Start of Source records

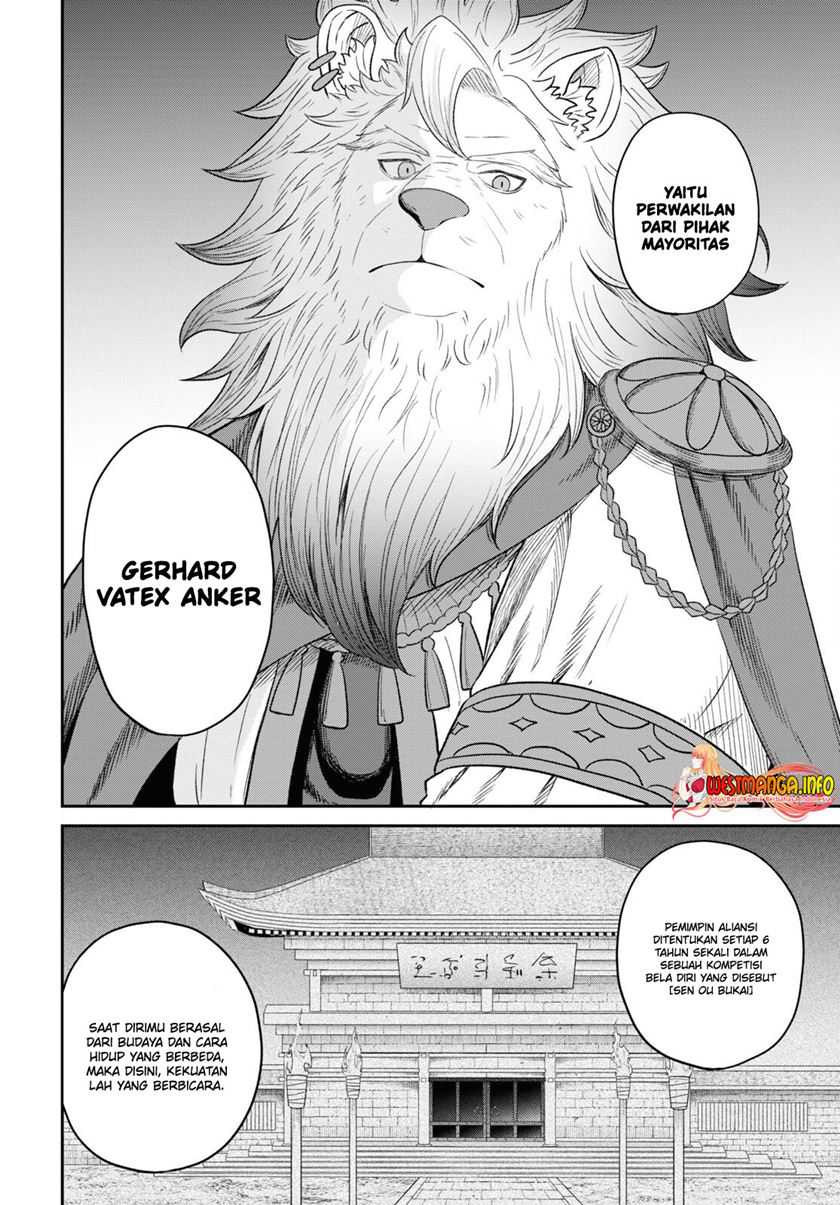 Chapter 28 - halaman 7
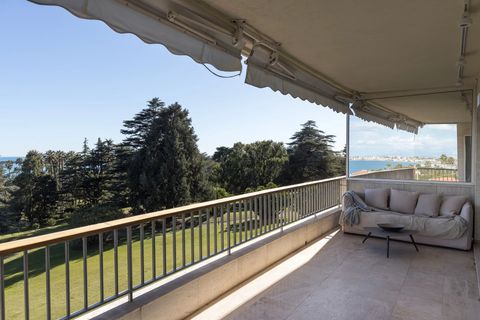 Lejlighed i Cannes, Alpes-Maritimes, Cannes - € 1.490.000 | Ref: HH-15326634 - foto 15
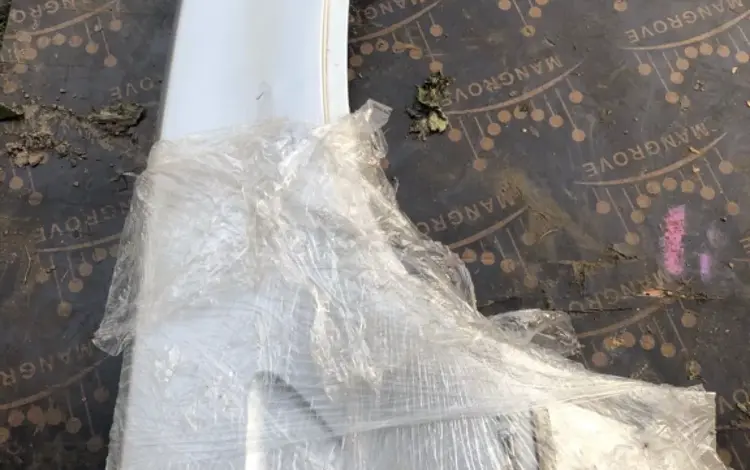 Крылья передние на бмв х5 за 30 000 тг. в Алматы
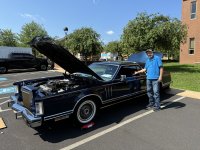 IMG_3416.JPG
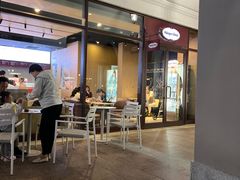 -京津佛罗伦萨小镇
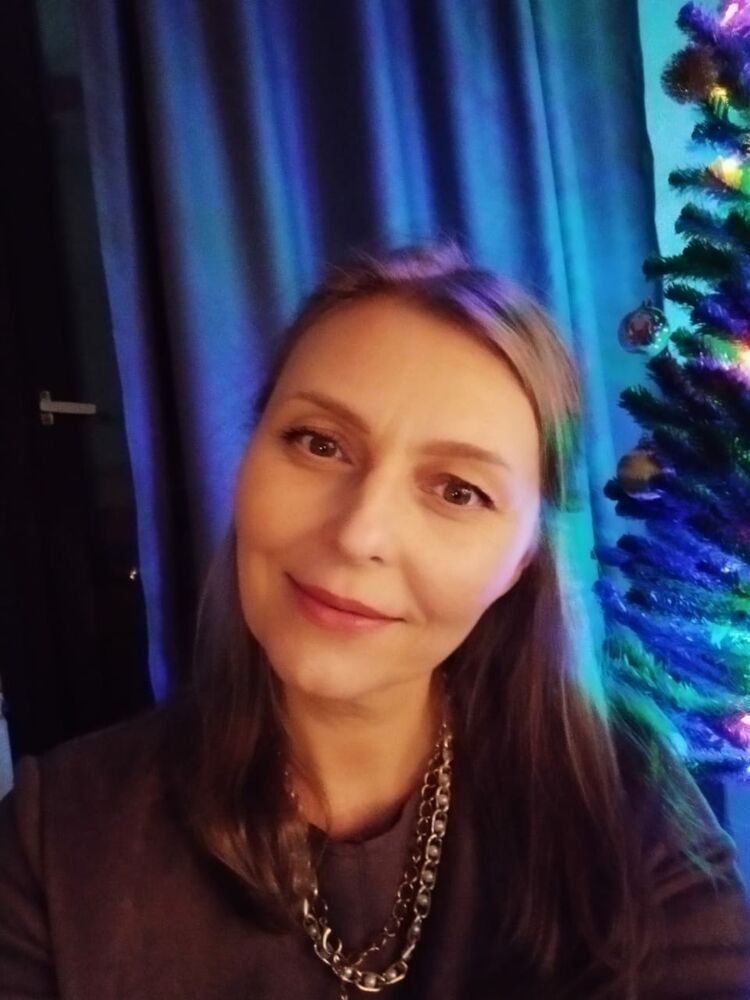  ,   , 48 ,   ,   
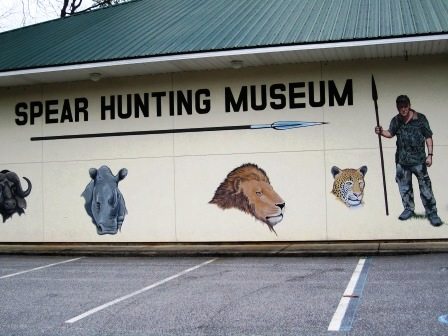 spear-museum-2 Really?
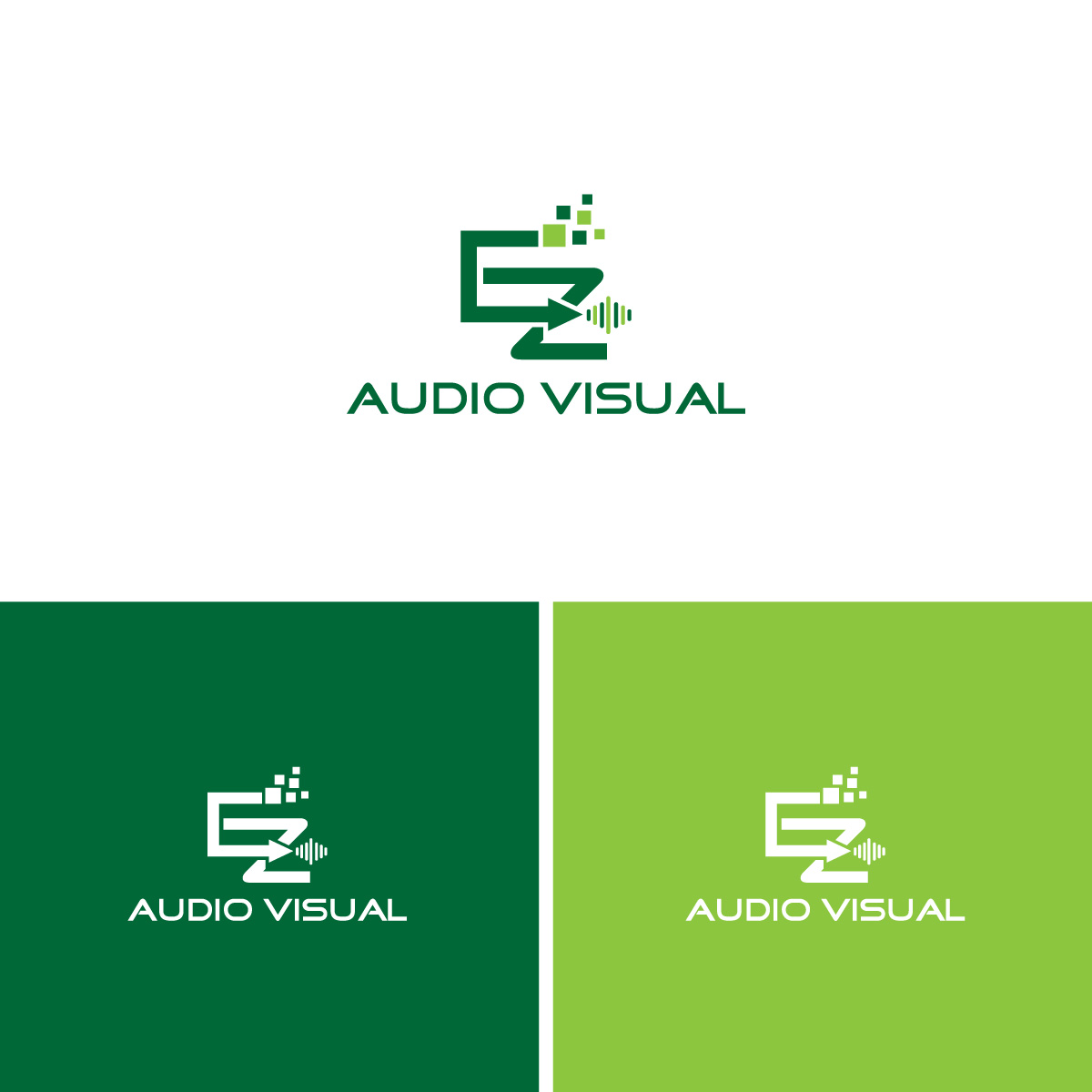 Design de Logo par KL Designwork pour ce projet | Design #37207392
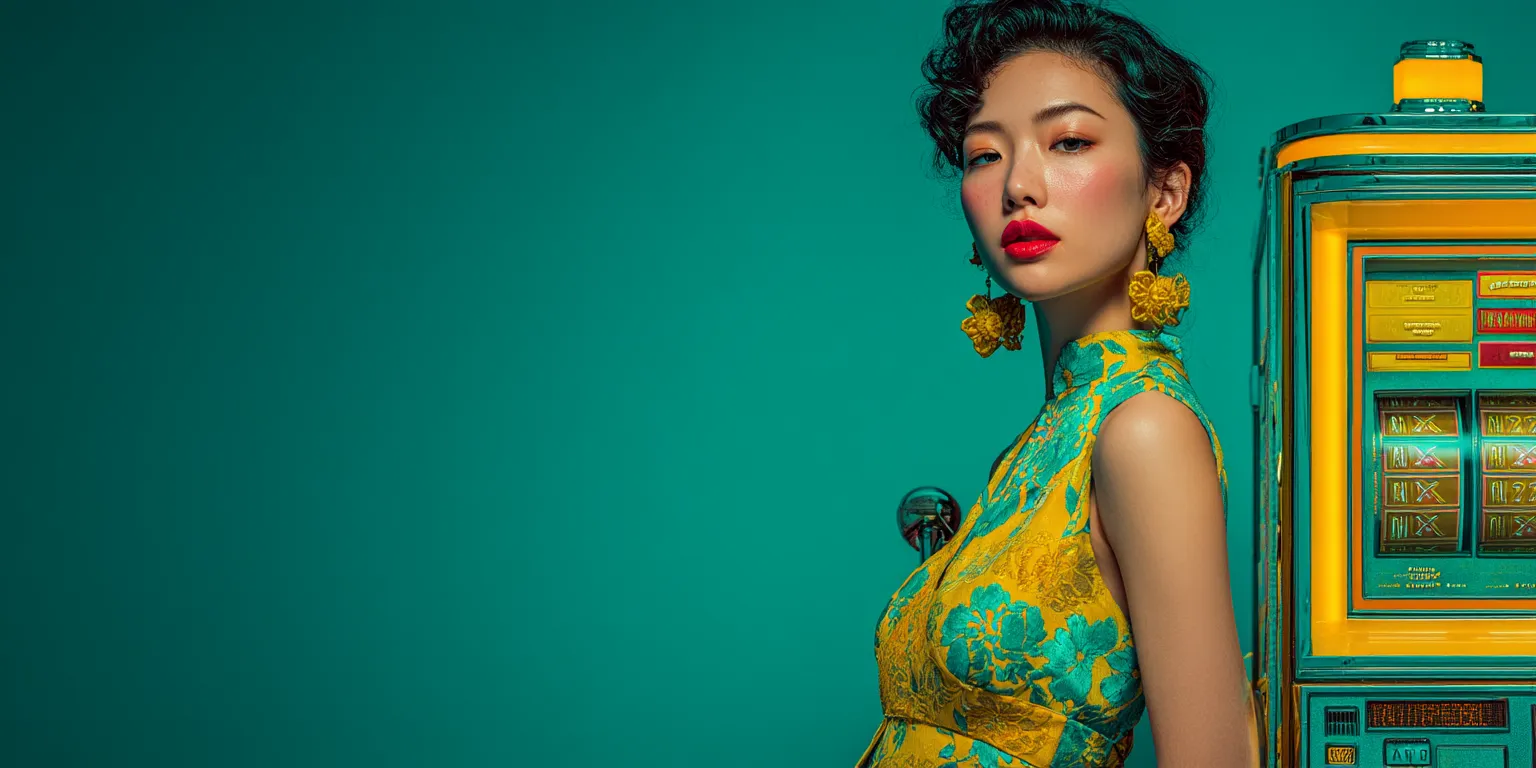 Khám Phá Thế Giới Thể Thao Cùng AE3888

End of Source records

- [Exercise]: Give back all the material exactly, with no pictures.

- [Solution below]:
 Chapter 28 - halaman 7
 Lejlighed i Cannes, Alpes-Maritimes, Cannes - € 1.490.000 | Ref: HH-15326634 - foto 15
 Крылья передние на бмв х5 за 30 000 тг. в Алматы
 IMG_3416.JPG
 -京津佛罗伦萨小镇
  ,   , 48 ,   ,   
 spear-museum-2 Really?
 Design de Logo par KL Designwork pour ce projet | Design #37207392
 Khám Phá Thế Giới Thể Thao Cùng AE3888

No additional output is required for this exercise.